**The problem:** All of the data should be reproduced word for word, though its pictures must be omitted.

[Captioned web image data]
---
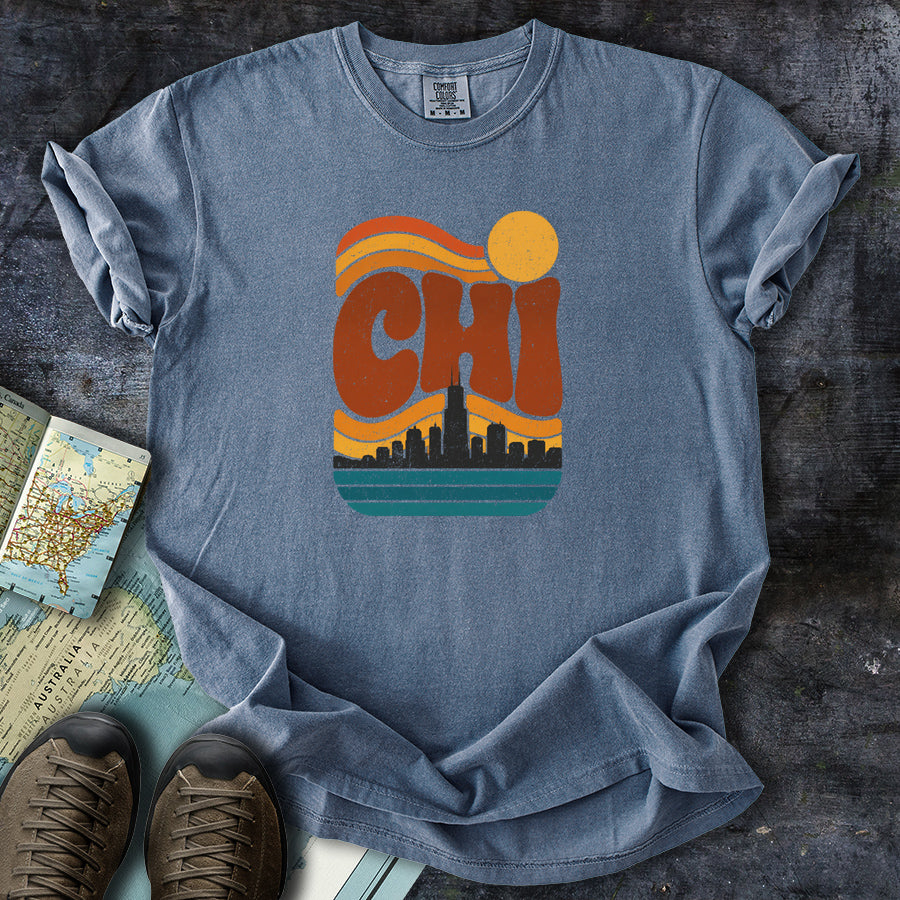 Chicago Chi Shapes T-Shirt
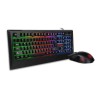 Kit Teclado y Mouse Gamer Thermaltake eSPORTS Challenger, 2400 Dpi, RGB, USB, Negro
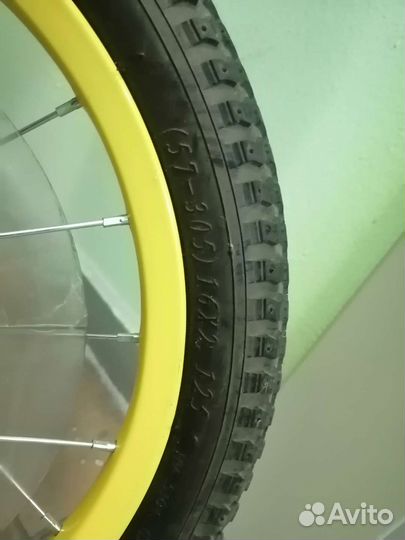 Детский велосипед Little Lady Azure 16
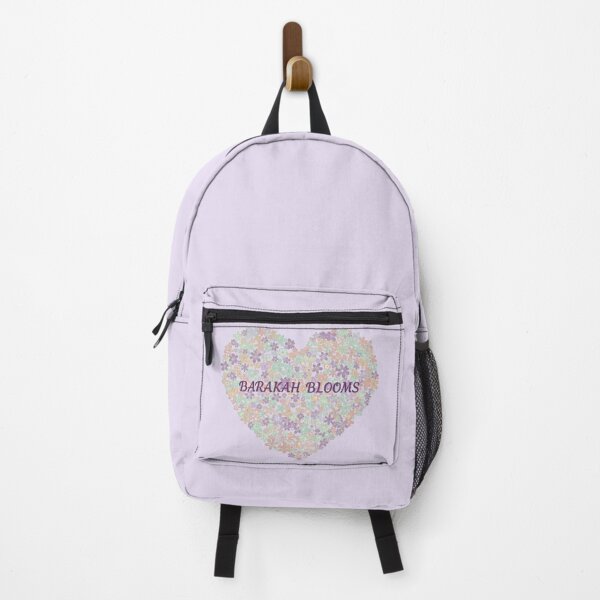 Item preview, Barakah Blooms – Pastel Floral Heart Illustration designed and sold by D-Islamic.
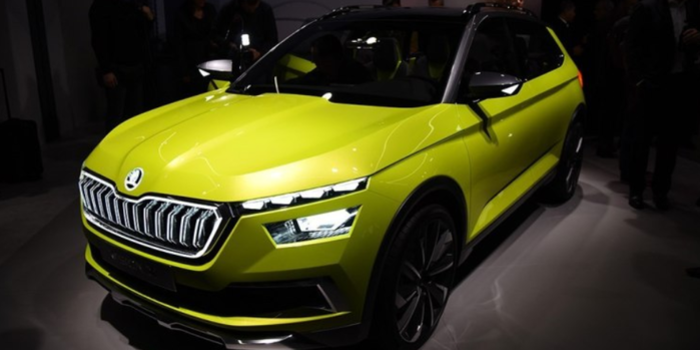 斯柯达再推全新小型SUV 明年欧洲投产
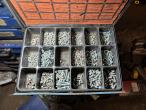 Bolts and assortment boxes with contents 21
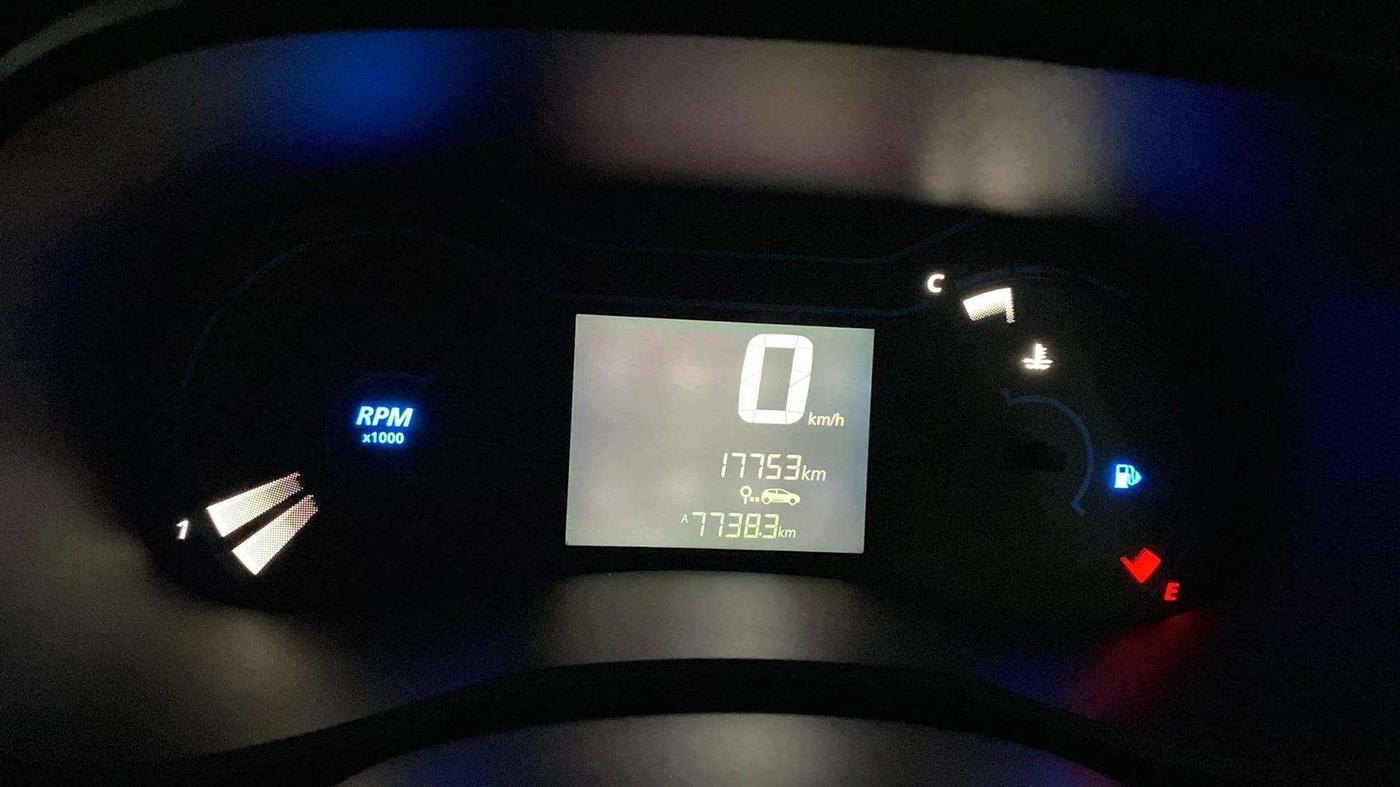 2022 Renault Kwid RXT 1.0, Petrol, Manual, 17,818 km, Odometer Image
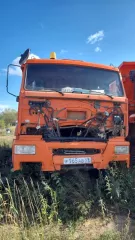 КАМАЗ 6520-43, 2016 г., VIN XTC652004G1345729, ГРЗ С116АВ49. Местонахождение: г. Магадан, п. Сокол.
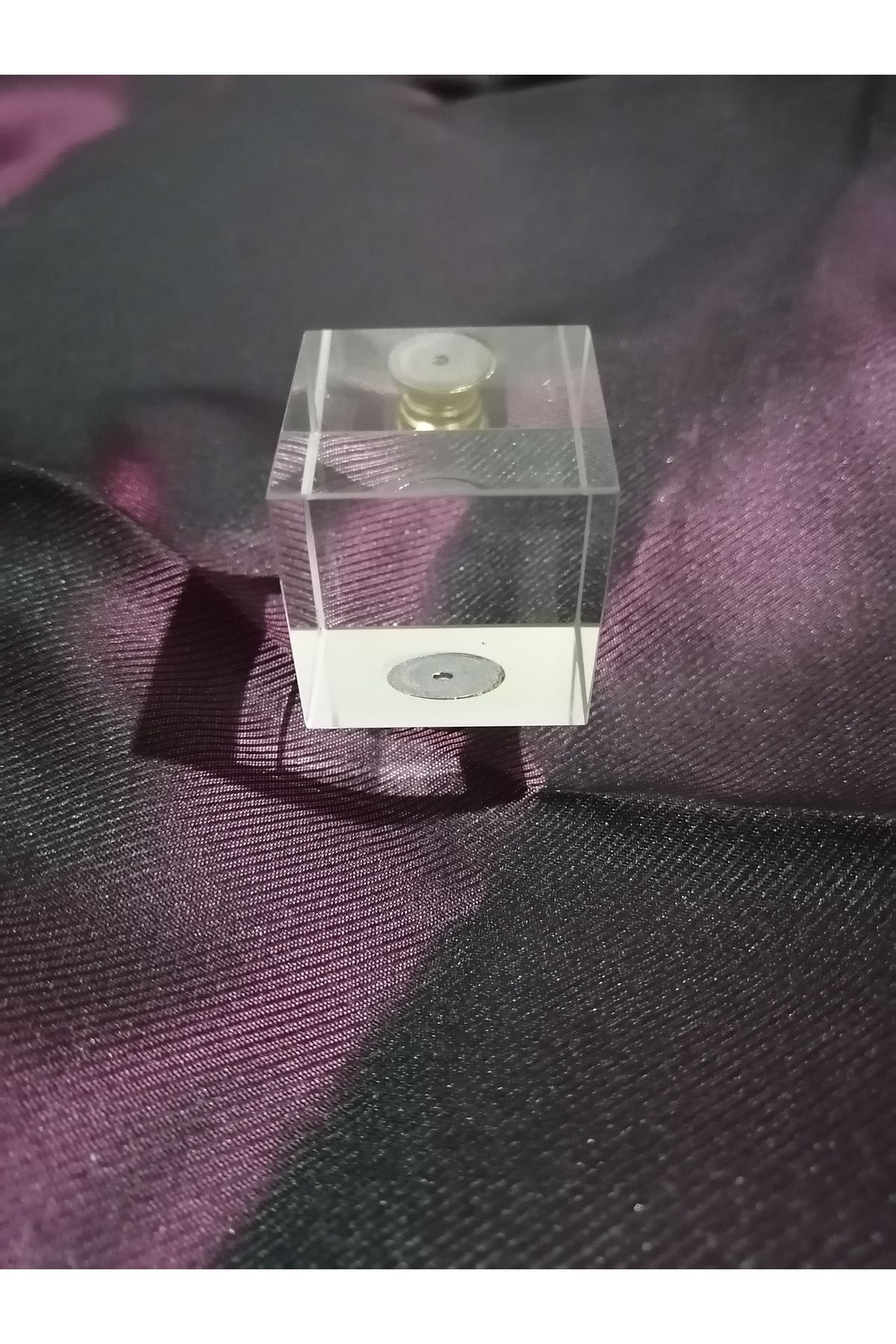 inga desing 25MM KÜP(1 ADET) KRİSTAL GOLD DÜĞME MOBİLYA KULP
---
**Answer box:**
 Chicago Chi Shapes T-Shirt
 Kit Teclado y Mouse Gamer Thermaltake eSPORTS Challenger, 2400 Dpi, RGB, USB, Negro
 Детский велосипед Little Lady Azure 16
 Item preview, Barakah Blooms – Pastel Floral Heart Illustration designed and sold by D-Islamic.
 斯柯达再推全新小型SUV 明年欧洲投产
 Bolts and assortment boxes with contents 21
 2022 Renault Kwid RXT 1.0, Petrol, Manual, 17,818 km, Odometer Image
 КАМАЗ 6520-43, 2016 г., VIN XTC652004G1345729, ГРЗ С116АВ49. Местонахождение: г. Магадан, п. Сокол.
 inga desing 25MM KÜP(1 ADET) KRİSTAL GOLD DÜĞME MOBİLYA KULP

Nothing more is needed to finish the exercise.